Life on Earth flourished for 3.5 billion years before humans appeared. We are latecomers to the long biological saga on this planet and just one lineage among millions of species. We also are biological oddballs: upright bipeds with big brains, language, increasingly complex technology and the ability to alter our planetary habitat — and even explore other planets.

Our big brains come with big imaginations.

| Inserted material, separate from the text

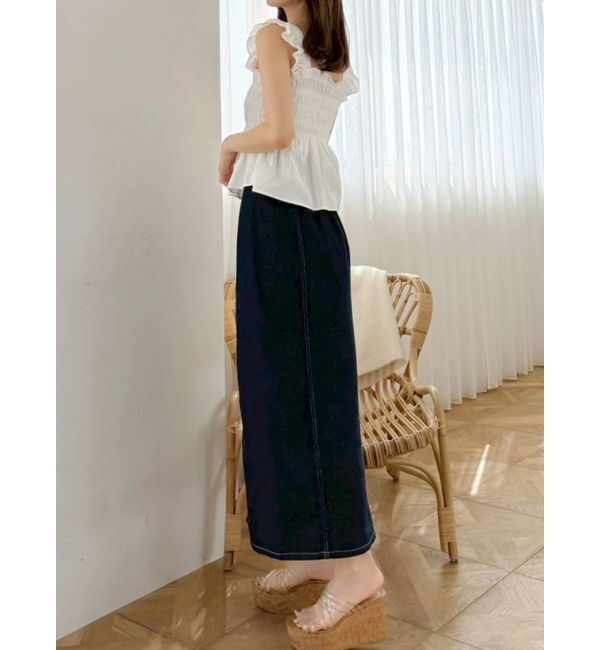 MERCURYDUO「シャーリングフリルバックシャンブラウス」|シャツ・ブラウス|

Kershenbaum offers some otherworldly ideas, such as musing that “alien seeders” possibly gave us life — which would make us earthlings just an experiment conducted by a superior intelligence.

The author acknowledges that his arguments might not convince all readers and are unlikely to be tested in our lifetimes because the likelihood of meeting intelligent aliens anytime soon is “so remote as to be almost dismissed.” Until that first encounter, though, theorists like Kershenbaum will be free to float through an atmosphere unweighted by evidence.